I looked at the CC logs, but it just says that the Bunnings nsGlobalWindow is being held alive.
Assignee: nobody → continuation
(Assignee)

Updated

3 years ago
Flags: needinfo?(continuation)
Keywords: mlk
Whiteboard: [MemShrink]
(Assignee)

Comment 8

3 years ago
In a local debug build, when I click on allow on the location door hanger, I get an additional modal dialogue asking if I want to share my location with the web page. If I close the page, then click "allow" on the modal dialogue, then I get a ghost window. On my regular profile, in Nightly, I don't see the additional confirmation dialogue, which is odd. I was still able to reproduce the leak one time, somehow.
(Assignee)

Comment 9

3 years ago
The ghost window is freed before shutdown, but the browser does leak some objects. 1 CoreLocationLocationProvider, 1 nsGeolocationService, 8 nsStringBuffer, 8 nsTArray_base.
(Assignee)

Comment 10

3 years ago
At least for this leak I'm seeing in debug builds, the missing reference seems to be from nsGeolocationRequest.
(Assignee)

Comment 11

3 years ago
(In reply to Andrew McCreight [:mccr8] from comment #10)
> At least for this leak I'm seeing in debug builds, the missing reference
> seems to be from nsGeolocationRequest.

More specifically, an nsGeolocationRequest gets destroyed in shutdown that is holding alive an nsContentPermissionRequester that is holding alive the window.
(Assignee)

Comment 12

3 years ago
It sounds like Google geolocation is broken right now (bug 1232995). Maybe we're hitting some odd failure case.
(Reporter)

Comment 13

3 years ago
The ghost window doesn't show up every time, but I see it around half the time in an optimized build and in a new profile.  Sometimes I need to Minimize memory use twice before it shows up as a ghost window after Measure.

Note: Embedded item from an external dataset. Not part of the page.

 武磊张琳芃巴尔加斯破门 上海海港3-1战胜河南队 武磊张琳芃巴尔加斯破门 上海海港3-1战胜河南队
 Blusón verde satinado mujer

(In reply to Olli Pettay [:smaug] from comment #3)
> (In reply to Karl Tomlinson (ni?:karlt) from comment #0)
> > 1. Load about:memory
> > 2. Open new tab and load
> > http://www.bunnings.co.nz/coolaroo-bird-netting-4-x-4m_p00293358
> Am I expected to "Share location"? Or does that not matter?

I ignore the door hanger and close the tab with the mouse button.
This dismissed the door hanger before starting the tab-close animation.

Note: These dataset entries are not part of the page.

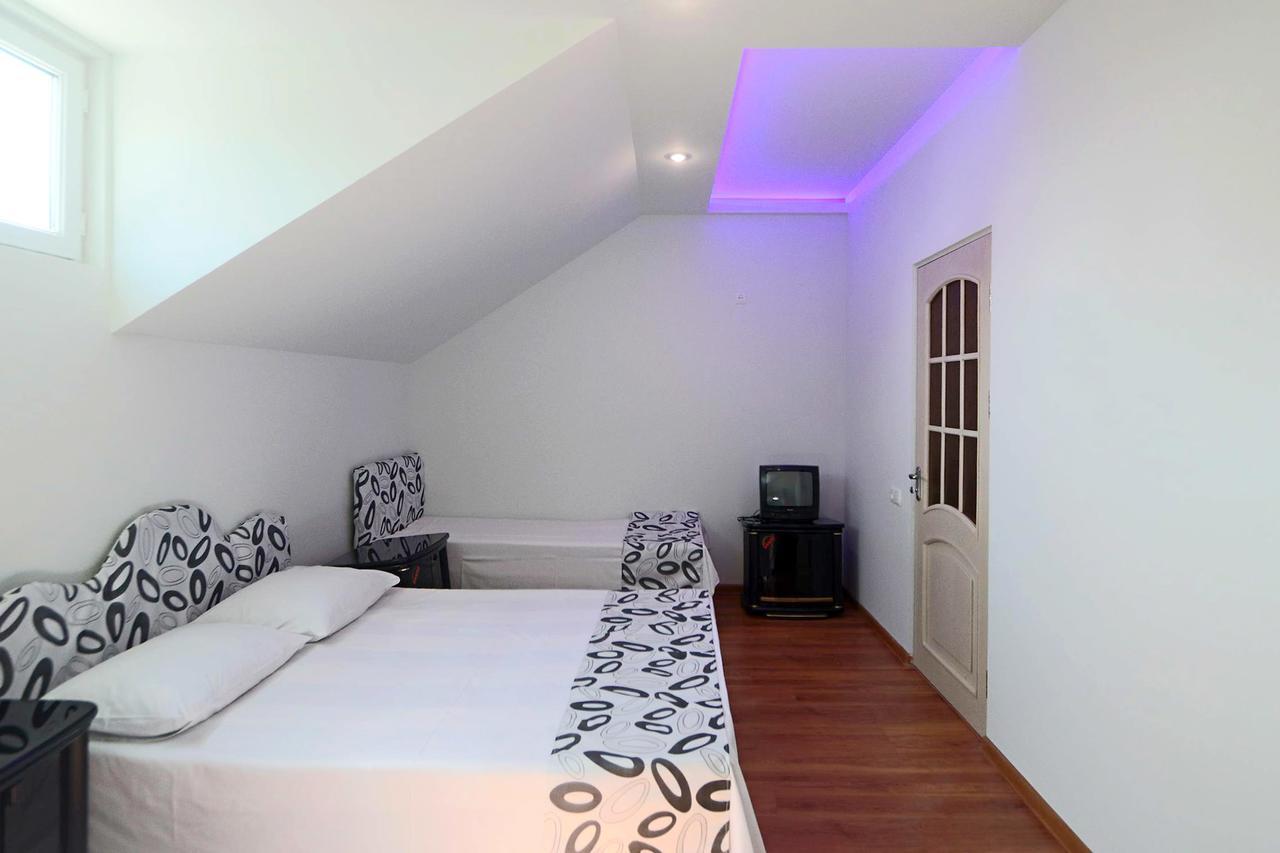 Garnim Guest House Jerevan Buitenkant foto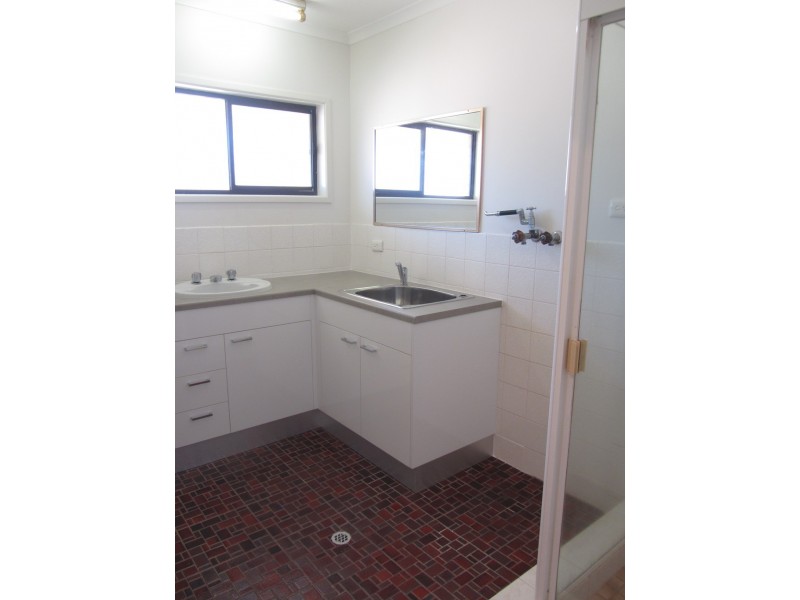 4/39 Chelsea Ave, Broadbeach QLD 4218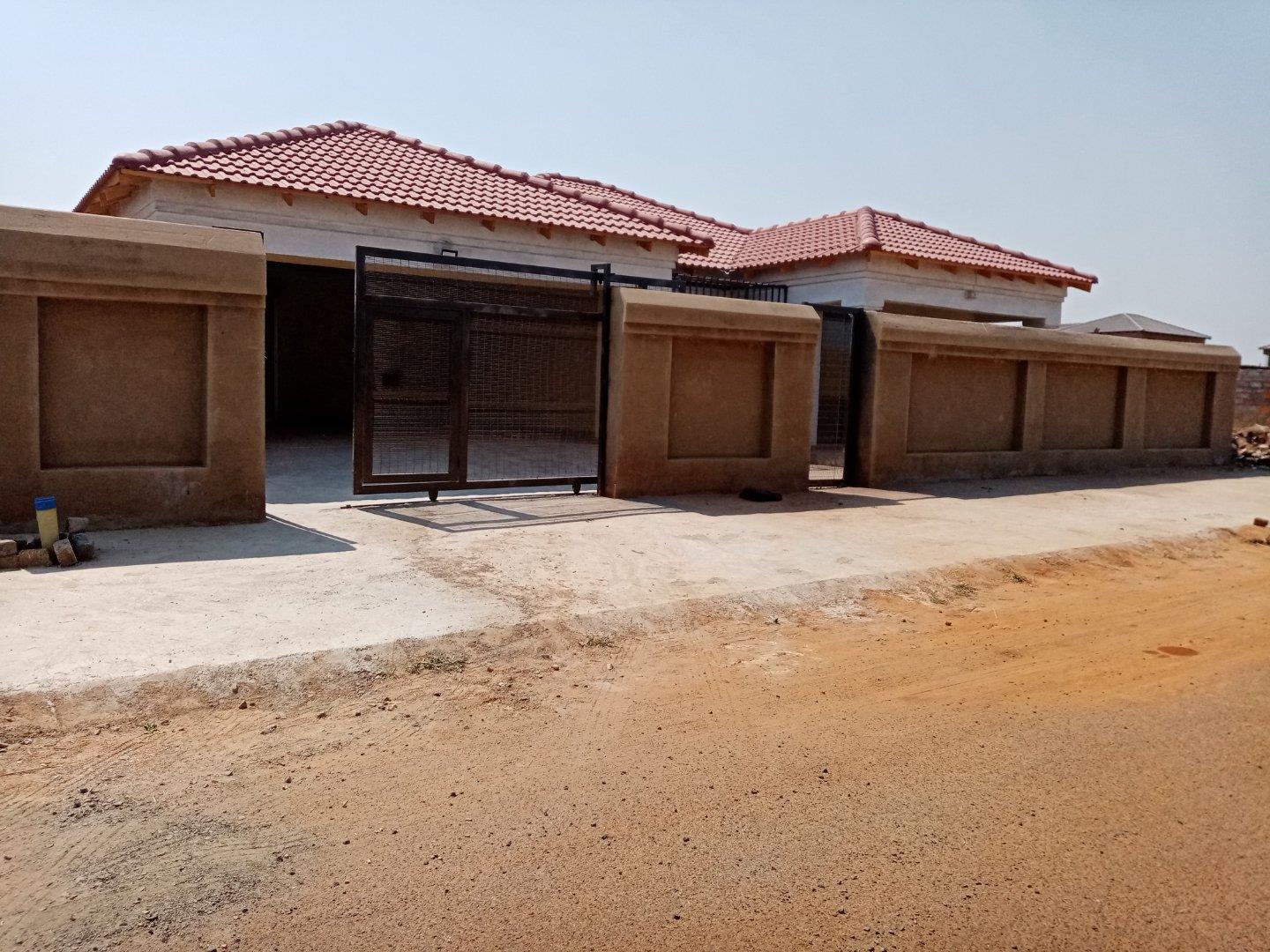 4 Bedroom House for sale in Villa Liza P24111975457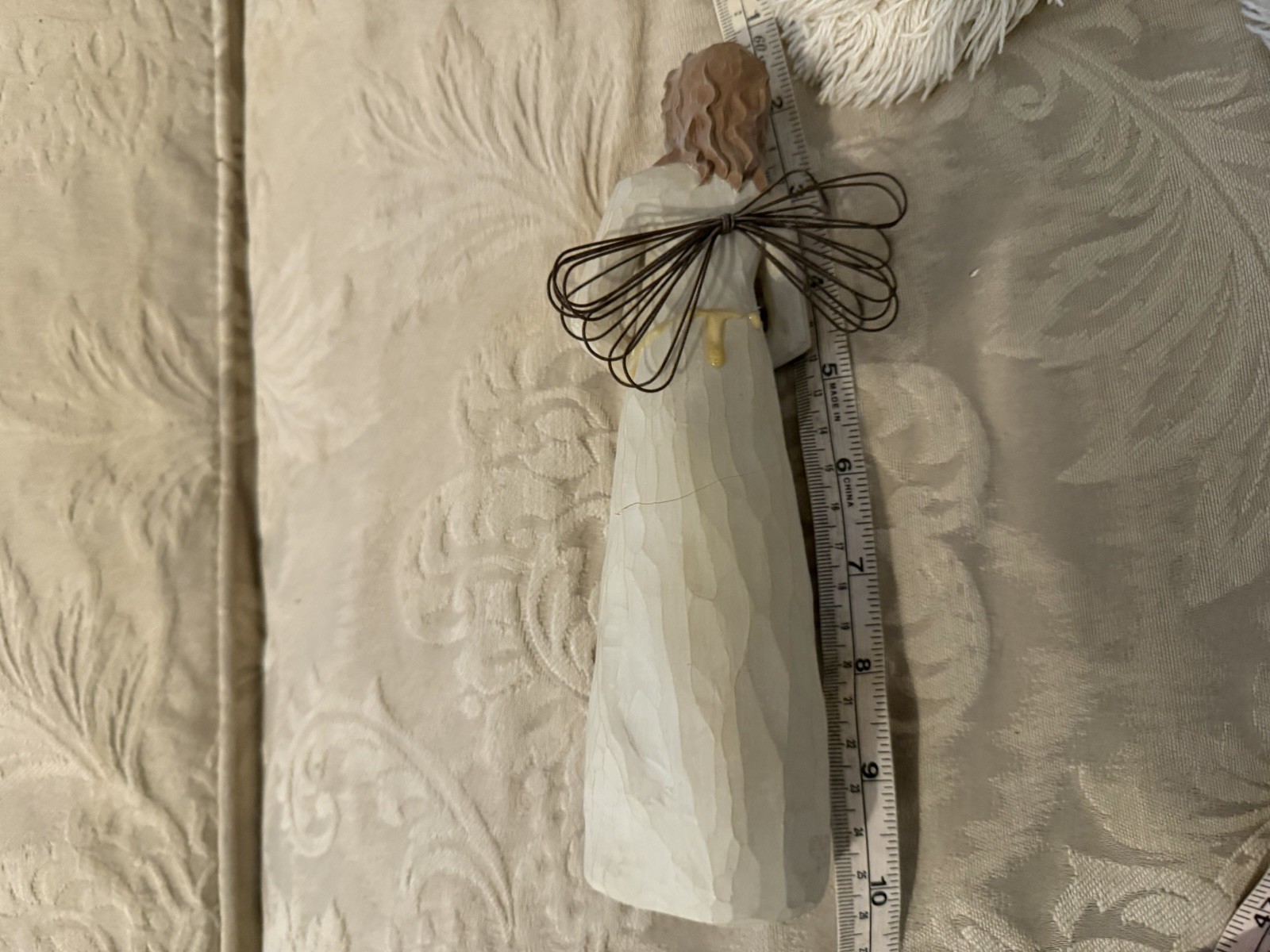 Willow Tree “Welcoming Angel” figurine designed by artist Susan Lordi 2002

(In reply to Olli Pettay [:smaug] from comment #6)
> Another question:
> can you reproduce on debug build? If so, does the leak show up as a shutdown
> leak or is it a runtime leak? 
> export XPCOM_MEM_LEAK_LOG=1 showing leaks means shutdown leaks. (it is just
> that runtime leaks tend to be much easier to debug.)

It does reproduce in a debug build.  I don't yet know re frequency because it takes much longer to run.

XPCOM_MEM_LEAK_LOG=1 did not report any object leaked for me.  I did get

[18597] WARNING: Extra shutdown CC: 'i < NORMAL_SHUTDOWN_COLLECTIONS', file /mnt/ssd1/karl/moz/dev/xpcom/base/nsCycleCollector.cpp, line 3563
(Reporter)

Updated

3 years ago
OS: Unspecified → Linux
(Reporter)

Updated

3 years ago
Component: DOM → Geolocation
mccr8 is on OSX and can reproduce this.
OS: Linux → All
(Assignee)

Comment 15

3 years ago
Created attachment 8706680 [details] [diff] [review]
Make window reference from nsContentPermissionRequester weak.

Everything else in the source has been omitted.